Quand vint la Saint-Jean, on tondit l'agneau, qui était devenu une jolie petite brebis. Sa toison pesa deux livres. Julie pria une de ses voisines qui allait en ville, à la foire, de lui changer cette toison contre une livre de laine filée, avec laquelle elle tricota une paire de bas pour sa grand'mère et une pour elle.

Sa brebis, qui la suivait partout, lui donna, pour la Toussaint, un agneau blanc qui avait la tête noire ainsi que les quatre pattes; Julie en eut un grand soin, et il devint très-beau.

L'année suivante, à la foire de septembre, elle vendit la brebis et son agneau, afin de pouvoir acheter une capote d'occasion pour sa grand'mère qui n'en avait plus, et qui souffrait beaucoup du froid quand elle allait chercher sa vie pendant l'hiver. La pauvre enfant pleura beaucoup quand il fallut se séparer de ses deux chères petites bêtes qu'elle aimait tant; mais, comme elle aimait encore mieux sa grand'mère, elle essuya ses yeux, ne voulut plus penser à ses agneaux, et elle se trouva très-heureuse quand elle vit la bonne vieille bien enveloppée dans la capote qu'on lui avait achetée avec l'argent des deux brebis et celui de leurs toisons, qu'on avait vendues à la Saint-Jean précédente.

Cela n'empêcha pas la pauvre aveugle de mourir aux environs de Pâques. Julie se trouva bien malheureuse d'être seule au monde, et elle ne pouvait se consoler d'avoir perdu sa grand'mère. Mais la maîtresse d'une grosse métairie, qui avait remarqué combien l'enfant s'était montrée soigneuse et attentive pour ses agneaux, pensa que cette petite ferait une bonne bergère: elle lui offrit dix écus de gages, si elle voulait venir en service chez elle. Julie accepta bien vite, et le soir, en faisant sa prière, elle remercia le bon Dieu d'avoir eu pitié d'elle.

LE PETIT TAQUIN.

Francis était un enfant taquin qui était devenu insupportable à tout le monde, et que personne ne pouvait plus souffrir. Il tourmentait continuellement ses frères et ses soeurs, et leur jouait toujours quelque mauvais tour. Tantôt il faisait prendre un bain à une des poupées de ses soeurs, ce qui la ramollissait si bien qu'on ne pouvait plus s'en servir; une autre fois il mettait un pétard dans le corps d un cheval de carton appartenant à ses frères, et le faisait sauter en l'air en y mettant le feu.

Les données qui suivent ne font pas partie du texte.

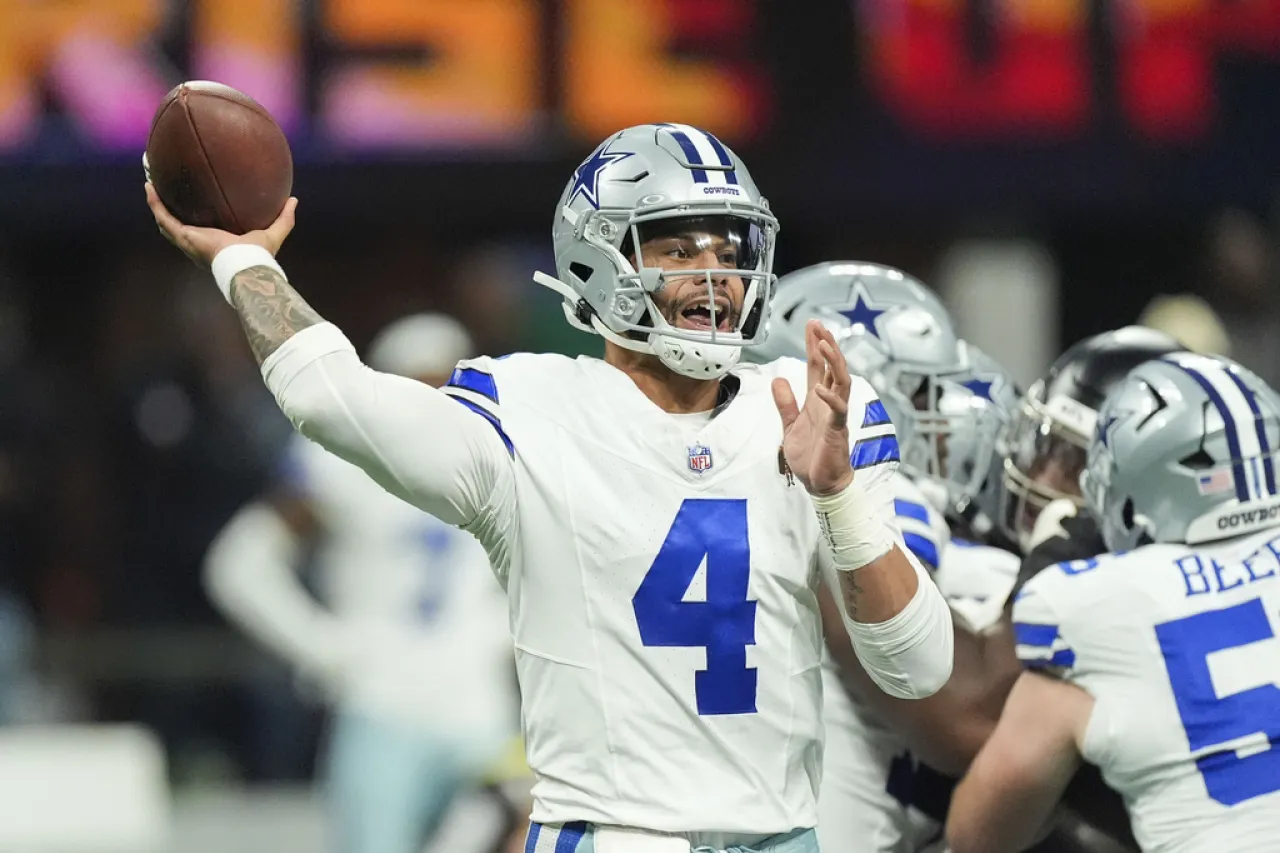 Dak Prescott quiere evitar cirugía en el tendón y volver a jugar esta temporada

Si ses soeurs étaient au piano, Francis prenait son tambour et faisait un tapage assourdissant. Ses frères s'occupaient-ils à faire leur devoir, il venait tout doucement prendre le livre dont ils se servaient, et il fallait courir une heure après lui pour le forcer à le rendre.

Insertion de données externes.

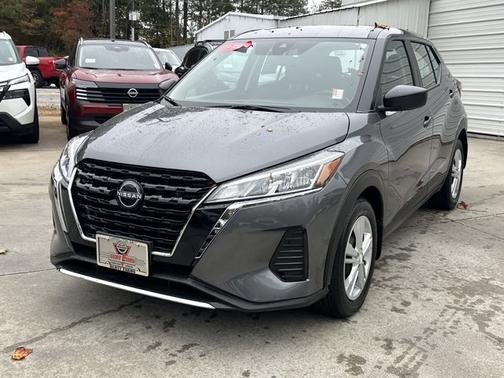 2024 Nissan Kicks S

Quand Francis était à la campagne, il aimait aussi à taquiner les bestiaux et à leur tirer la queue. Un jour qu'il se laissait traîner par une génisse, ce qui l'amusait beaucoup, la bête perdit patience, et, se retournant promptement, lui fit lâcher prise en lui donnant un coup de corne dans le côté, ce qui le rendit bien malade. Une autre fois, il fut mordu par un dogue qu'il tourmentait depuis une heure.

Depuis ce temps-là, il laissa les bêtes tranquilles; mais il recommença à taquiner ses soeurs. Le père impatienté le mena dans une pension pour tâcher de le rendre meilleur.

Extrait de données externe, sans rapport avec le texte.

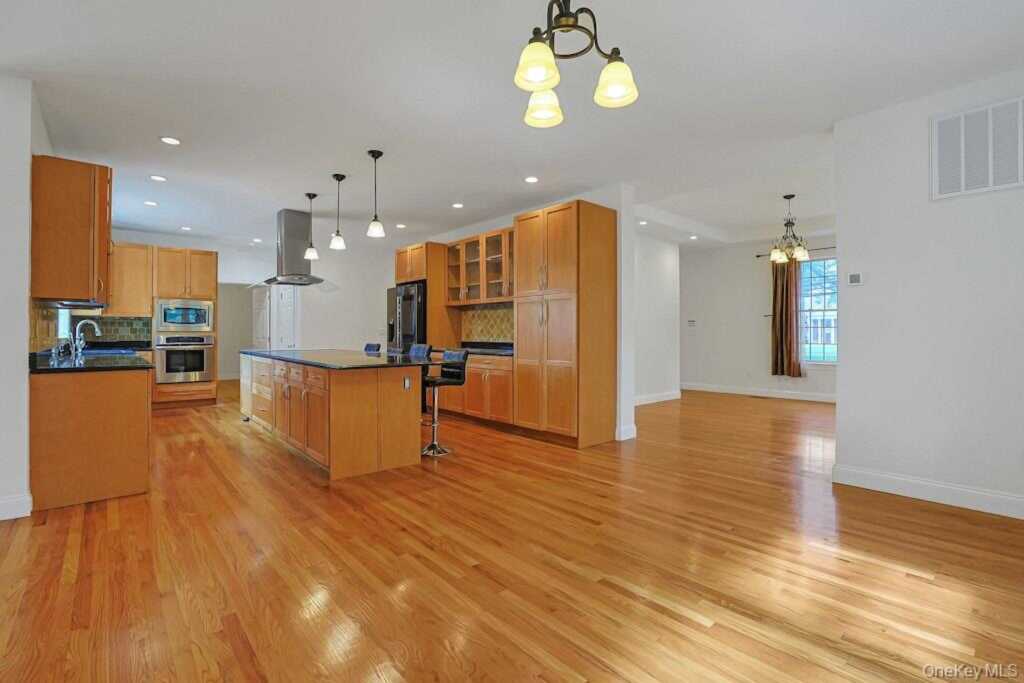 465 North Street, White Plains, NY 10605 - Photo 17 of 42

Francis eut un grand chagrin de se voir séparé de sa famille qu'il aimait beaucoup; car il avait un bon coeur, malgré sa vilaine taquinerie. Quand il fut un peu consolé, il voulut taquiner ses nouveaux camarades; mais ils ne se laissèrent pas faire, et lui dirent que, s'il recommençait, personne ne jouerait plus avec lui. Francis pensa qu'on lui disait cela pour rire, et recommença; alors on le délaissa, et il resta seul dans la cour pendant que les autres s'amusaient tous ensemble. Il demeura tristement deux grands mois sans que personne lui parlât. Il comprit enfin qu'il n'avait pas le droit de tourmenter tout le monde comme il l'avait fait jusqu'alors. Un dimanche, à la promenade, un camarade lui demanda s'il avait encore envie de taquiner. Francis se prit à pleurer en disant que jamais il ne tourmenterait personne; alors on le reçut dans les jeux; et, comme au fond il était bon garçon, il se fit aimer de ses camarades, et conserva même parmi eux des amis tout le reste de sa vie.